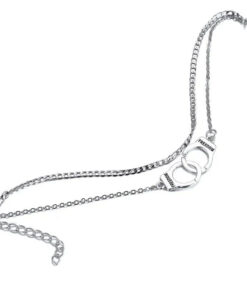 Tornozeleira Handcuffs Trendy Freedom Ankle Chain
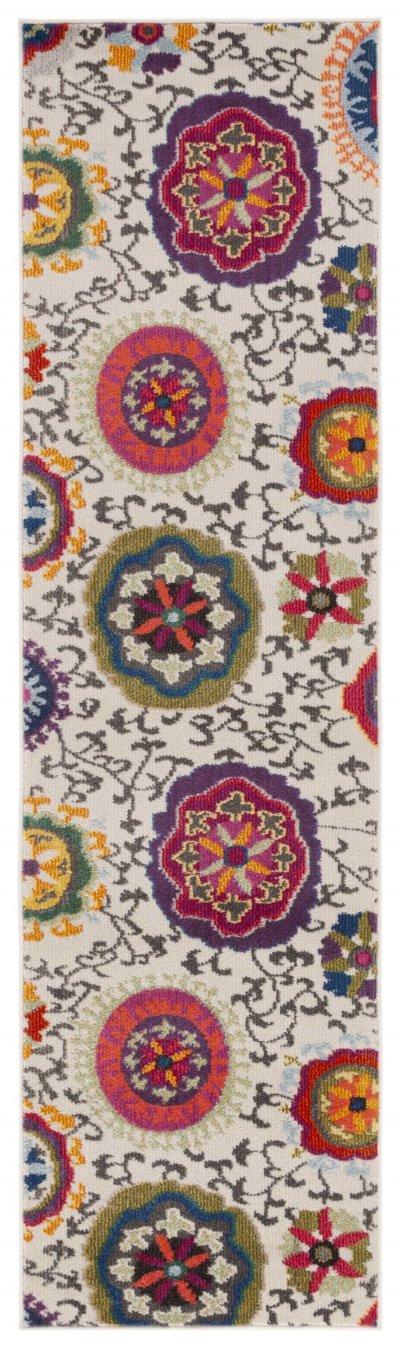 SAFAVIEH Tapis de salon interieur en ivoire & multi, 66 x 244 cm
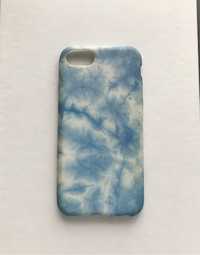 silikonowy biało niebieski case iphone 7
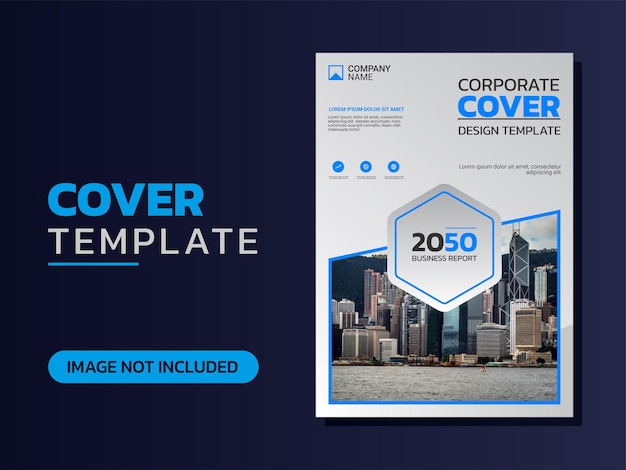 Modern Blue Business Cover Template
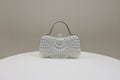Crystal-Embellished Clutch Bag with Tassels – Versatile Evening Purse for Weddings & Galas (MAC276)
·····
### EXERCISE INSTRUCTIONS
Your task is to copy exactly the lines from the line containing "Modern Blue Business Cover Template" through the final line of the listing above and to omit every picture.

### YOUR SOLUTION
 Modern Blue Business Cover Template
Crystal-Embellished Clutch Bag with Tassels – Versatile Evening Purse for Weddings & Galas (MAC276)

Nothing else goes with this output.